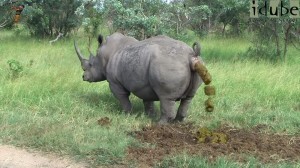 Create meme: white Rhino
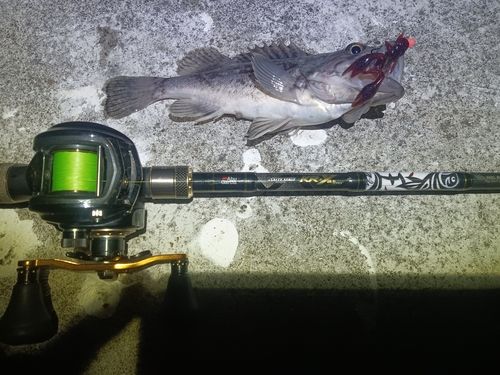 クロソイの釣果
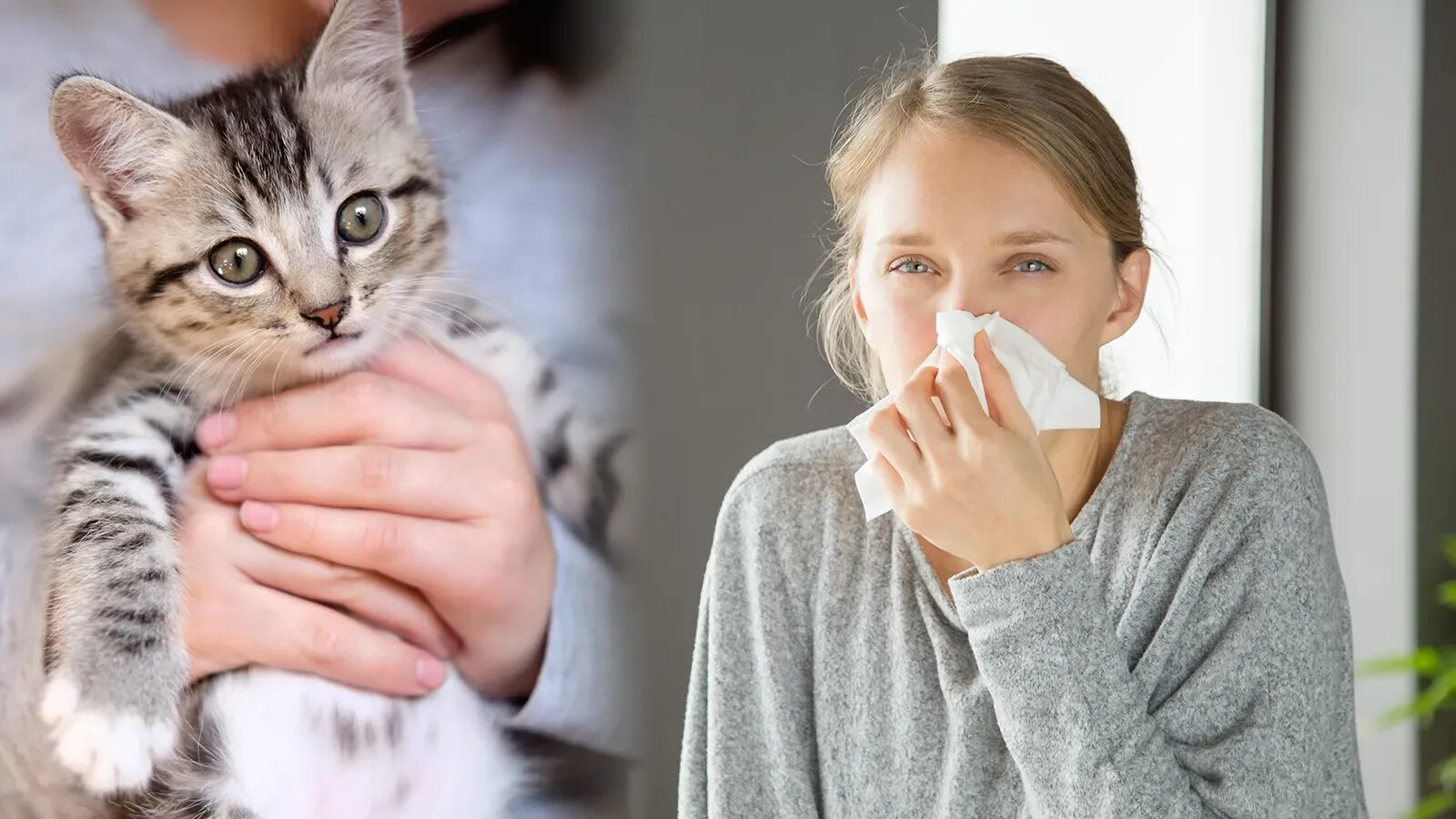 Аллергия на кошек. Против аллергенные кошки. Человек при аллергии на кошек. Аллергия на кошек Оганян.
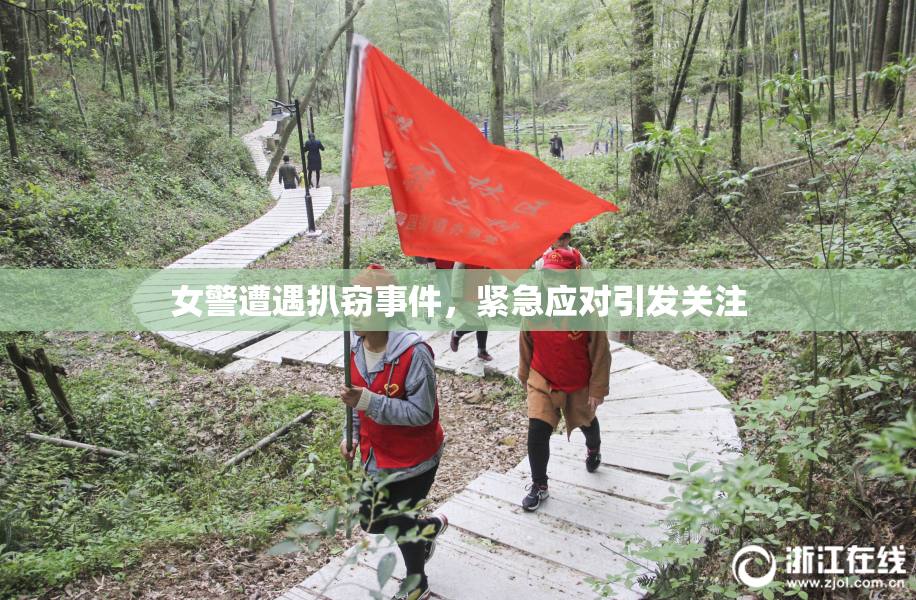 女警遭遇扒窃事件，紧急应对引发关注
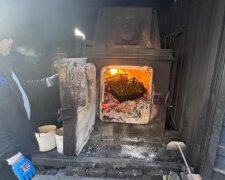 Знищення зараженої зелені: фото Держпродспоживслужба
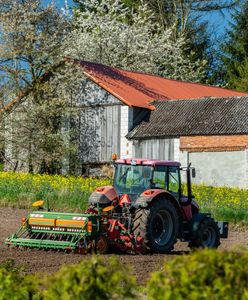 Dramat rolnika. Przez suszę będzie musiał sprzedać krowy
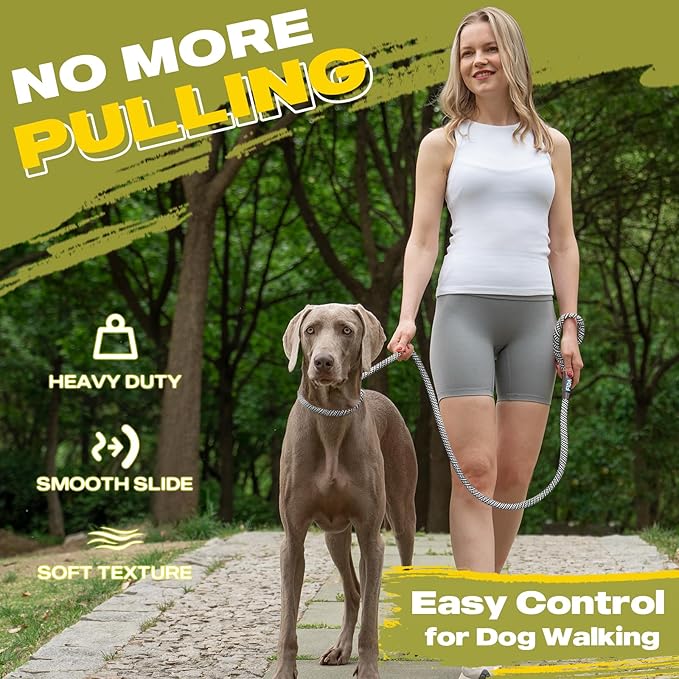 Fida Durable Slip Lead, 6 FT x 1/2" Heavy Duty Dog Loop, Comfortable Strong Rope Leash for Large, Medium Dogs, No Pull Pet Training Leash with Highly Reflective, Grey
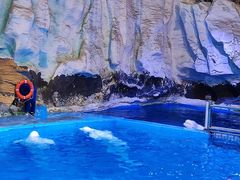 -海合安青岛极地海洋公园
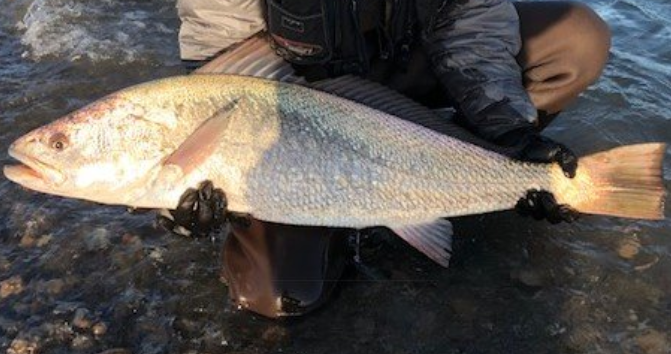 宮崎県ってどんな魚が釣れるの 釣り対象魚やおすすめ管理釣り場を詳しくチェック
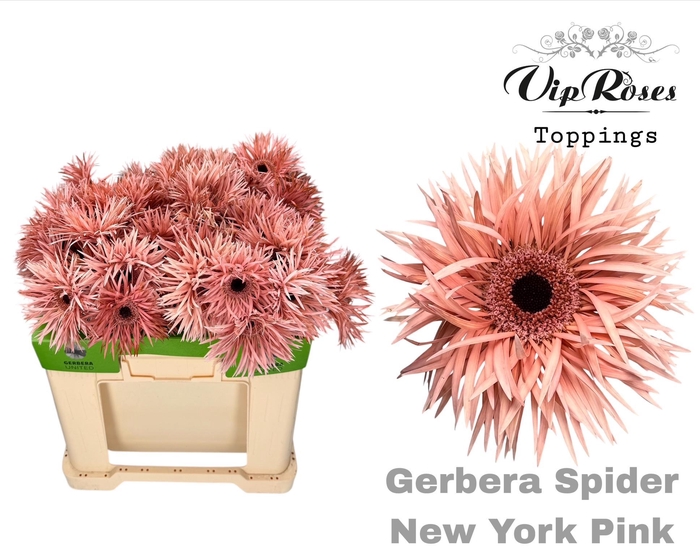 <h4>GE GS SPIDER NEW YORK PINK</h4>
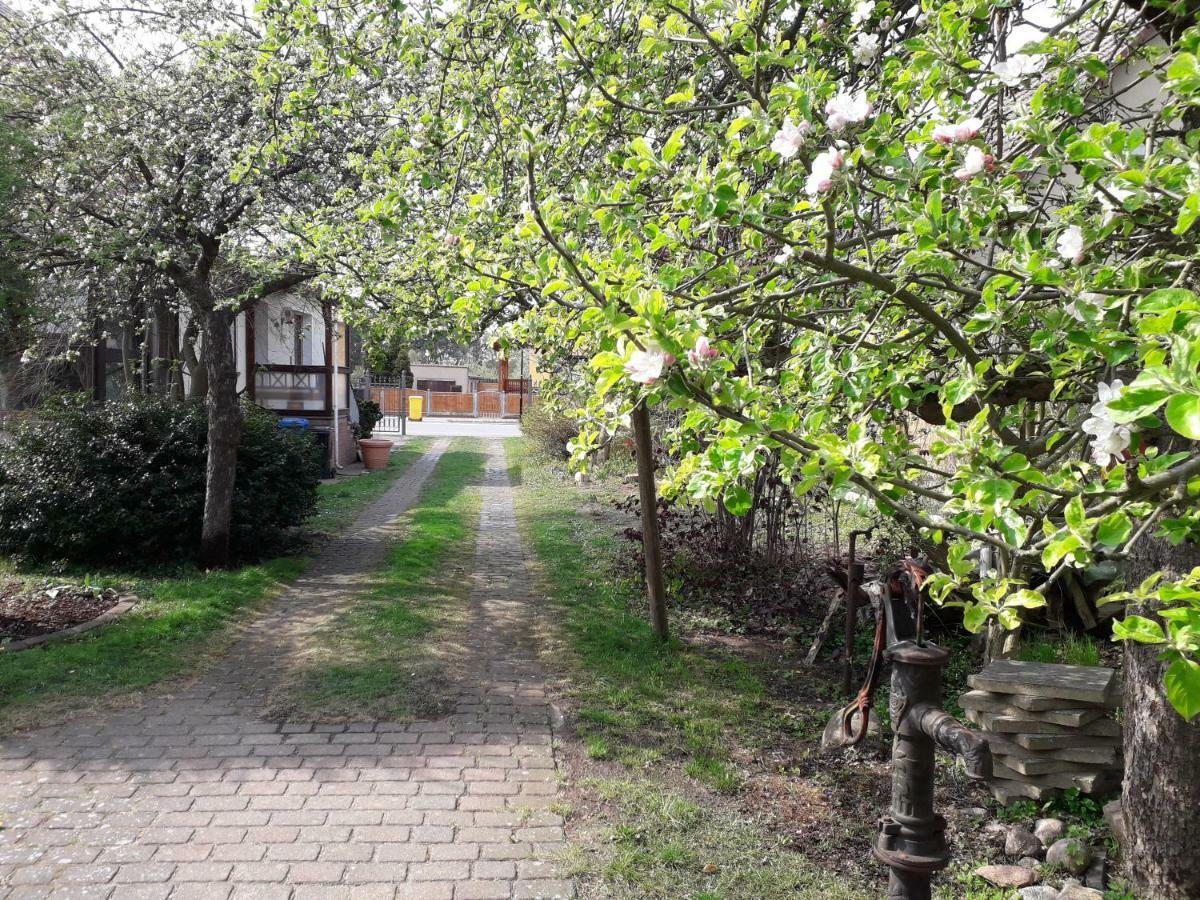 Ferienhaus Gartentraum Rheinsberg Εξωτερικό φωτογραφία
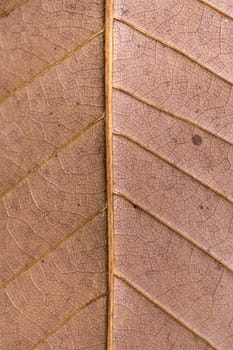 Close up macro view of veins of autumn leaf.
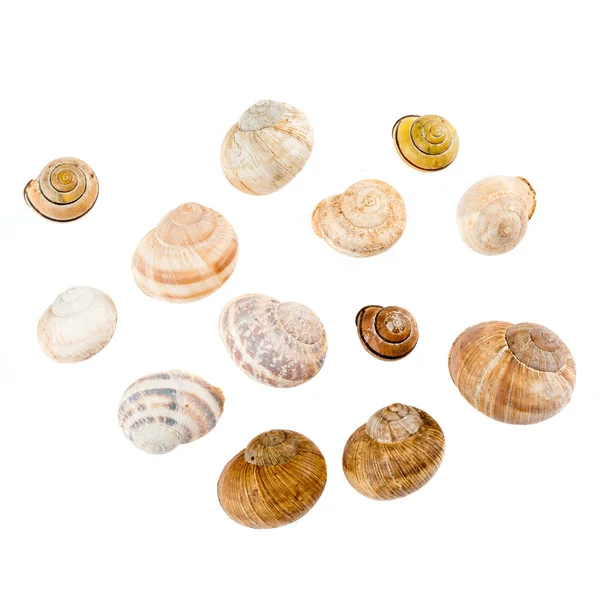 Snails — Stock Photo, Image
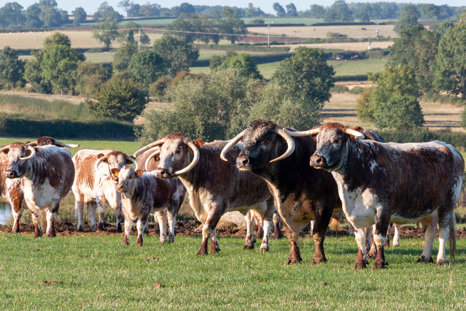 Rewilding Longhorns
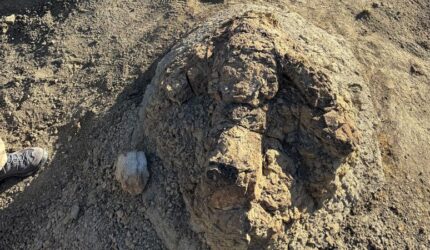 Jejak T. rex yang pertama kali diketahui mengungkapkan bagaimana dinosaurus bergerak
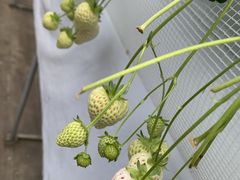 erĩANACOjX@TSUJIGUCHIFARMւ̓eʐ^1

################

Exercise details -> The records above are to be transcribed in full, with images omitted.

Written response ->
 Create meme: white Rhino
 クロソイの釣果
 Аллергия на кошек. Против аллергенные кошки. Человек при аллергии на кошек. Аллергия на кошек Оганян.
 女警遭遇扒窃事件，紧急应对引发关注
 Знищення зараженої зелені: фото Держпродспоживслужба
 Dramat rolnika. Przez suszę będzie musiał sprzedać krowy
 Fida Durable Slip Lead, 6 FT x 1/2" Heavy Duty Dog Loop, Comfortable Strong Rope Leash for Large, Medium Dogs, No Pull Pet Training Leash with Highly Reflective, Grey
 -海合安青岛极地海洋公园
 宮崎県ってどんな魚が釣れるの 釣り対象魚やおすすめ管理釣り場を詳しくチェック
 <h4>GE GS SPIDER NEW YORK PINK</h4>
 Ferienhaus Gartentraum Rheinsberg Εξωτερικό φωτογραφία
 Close up macro view of veins of autumn leaf.
 Snails — Stock Photo, Image
 Rewilding Longhorns
 Jejak T. rex yang pertama kali diketahui mengungkapkan bagaimana dinosaurus bergerak
 erĩANACOjX@TSUJIGUCHIFARMւ̓eʐ^1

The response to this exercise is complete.